Active space selection

The ActiveSpaceSelector algorithm in QDK/Chemistry performs active space selection to identify the most chemically relevant orbitals for multi-configurational calculations. Following QDK/Chemistry’s algorithm design principles, it takes a Wavefunction instance as input and produces a Wavefunction instance with active space information as output. Its primary purpose is to reduce the cost of quantum chemistry calculations by focusing on a specific set of relevant (active) orbitals while treating others as either fully occupied (core) or empty (virtual).

Overview

Active space methods classify molecular orbitals into three categories:

Inactive (core) orbitals

Always doubly occupied and not explicitly correlated

Active orbitals

Allow variable occupation and are explicitly correlated

Virtual orbitals

Always empty and not explicitly correlated

The key challenge is selecting which orbitals to include in the active space. An ideal active space should:

  • Include all orbitals with significant entanglement character

  • Be as compact as possible to keep computational cost manageable

  • Capture the essential chemistry of the system

The selected active space then serves as input for post-SCF methods like multi-configuration calculations that explicitly treat electron correlation within the active space.

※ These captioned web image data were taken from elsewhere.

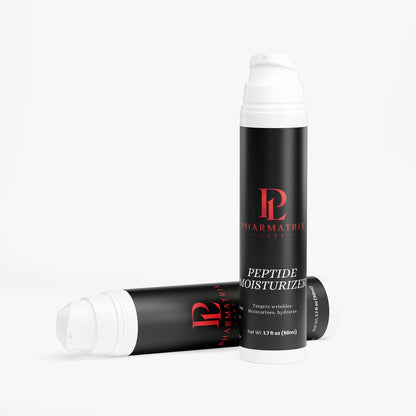 Two skincare products with Pharmatrix labels and white caps on a white background Peptide Moisturizer 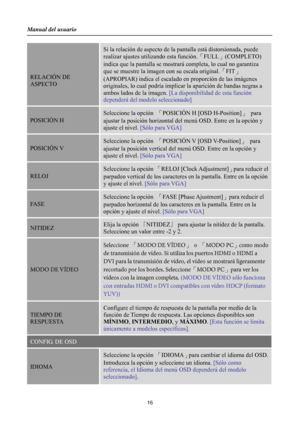 Page 16
Manual del usuario 
 16 
 
RELACIÓN DE 
ASPECTO 
Si la relación de aspecto de la pantalla está distorsionada, puede 
realizar ajustes utilizando esta función. 「FULL 」(COMPLETO) 
indica que la pantalla se mostrará  completa, lo cual no garantiza 
que se muestre la imagen con su escala original. 「FIT 」
(APROPIAR) indica el escalado  en proporción de las imágenes 
originales, lo cual podría implicar  la aparición de bandas negras a 
ambos lados de la imagen. [La disponibilidad de esta función 
dependerá...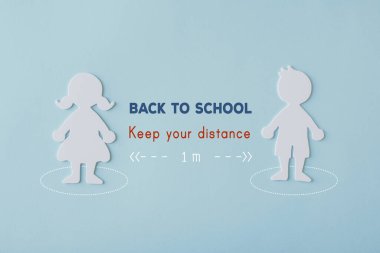 Boy and girl student paper cut with word back to school, keep your distance 1.5m,  returning or reopening post covid-19 coronavirus pandemic, new normal concept clipart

Running an active space selection

This section demonstrates how to create, configure, and run an active space selection. The run method takes a Wavefunction from a prior SCF calculation and returns a new Wavefunction with active space information populated.

Input requirements

The ActiveSpaceSelector requires the following input:

Wavefunction

A Wavefunction instance containing data necessary for active space selection, including: orbital information, electron counts, etc. Some selection methods (e.g., entropy-based) may require additional information such as orbital occupation numbers or entropies from a prior multi-configuration calculation.

Note

The specific requirements depend on the chosen implementation. Manual selection methods (like qdk_valence) require user-specified active space sizes, while automatic methods (like qdk_occupation or qdk_entropy) analyze orbital properties to determine the active space.

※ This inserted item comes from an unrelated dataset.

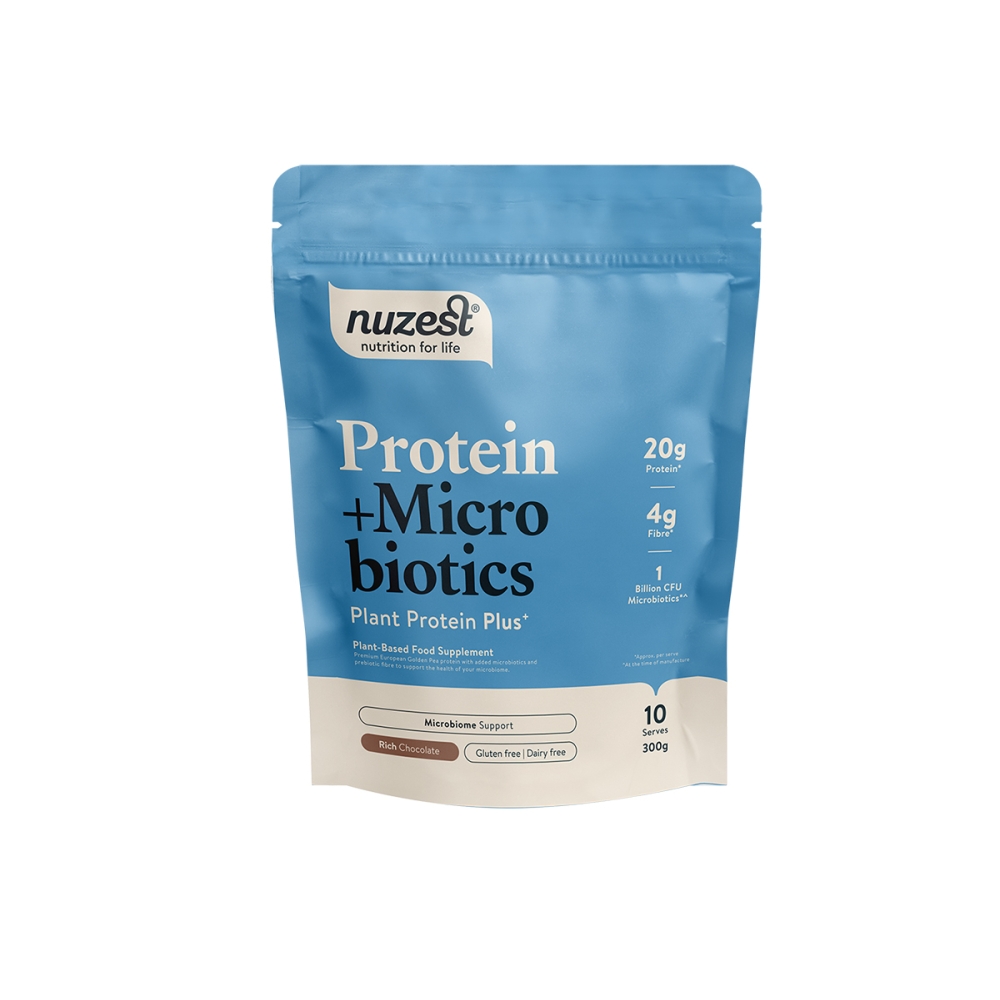 Nuzest Protein Plus baltymai su probiotikais šokolado skonio. Baltymų kokteiliai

Creating an active space selector

#include <iostream>
#include <qdk/chemistry.hpp>
using namespace qdk::chemistry::algorithms;
using namespace qdk::chemistry::data;

int main() {
  // Create the default ActiveSpaceSelector instance
  auto active_space_selector = ActiveSpaceSelectorFactory::create();
from qdk_chemistry.algorithms import create

# Create the default ActiveSpaceSelector instance
active_space_selector = create("active_space_selector", "qdk_valence")

Configuring settings

Settings can be modified using the settings() object. See Available implementations below for implementation-specific options.

  // Configure the selector using the settings interface
  // Set the number of electrons and orbitals for the active space
  active_space_selector->settings().set("num_active_electrons", 4);
  active_space_selector->settings().set("num_active_orbitals", 4);
# Configure the selector using the settings interface
# Set the number of electrons and orbitals for the active space
active_space_selector.settings().set("num_active_electrons", 4)
active_space_selector.settings().set("num_active_orbitals", 4)

Running the selection

  // Load a molecular structure (water molecule) from XYZ file
  auto structure = Structure::from_xyz_file("../data/water.structure.xyz");
  int charge = 0;

  // First, run SCF to get molecular orbitals
  auto scf_solver = ScfSolverFactory::create();
  auto [scf_energy, scf_wavefunction] =
      scf_solver->run(structure, charge, 1, "6-31g");

  // Run active space selection
  auto active_wavefunction = active_space_selector->run(scf_wavefunction);
  auto active_orbitals = active_wavefunction->get_orbitals();

  std::cout << "SCF Energy: " << scf_energy << " Hartree" << std::endl;
  std::cout << "Active orbitals summary:\n"
            << active_orbitals->get_summary() << std::endl;
from pathlib import Path  # noqa: E402
from qdk_chemistry.data import Structure  # noqa: E402

# Load a molecular structure (water molecule) from XYZ file
structure = Structure.from_xyz_file(
    Path(__file__).parent / "../data/water.structure.xyz"
)
charge = 0

# First, run SCF to get molecular orbitals
scf_solver = create("scf_solver")
scf_energy, scf_wavefunction = scf_solver.run(
    structure, charge=charge, spin_multiplicity=1, basis_or_guess="6-31g"
)

# Run active space selection
active_wavefunction = active_space_selector.run(scf_wavefunction)
active_orbitals = active_wavefunction.get_orbitals()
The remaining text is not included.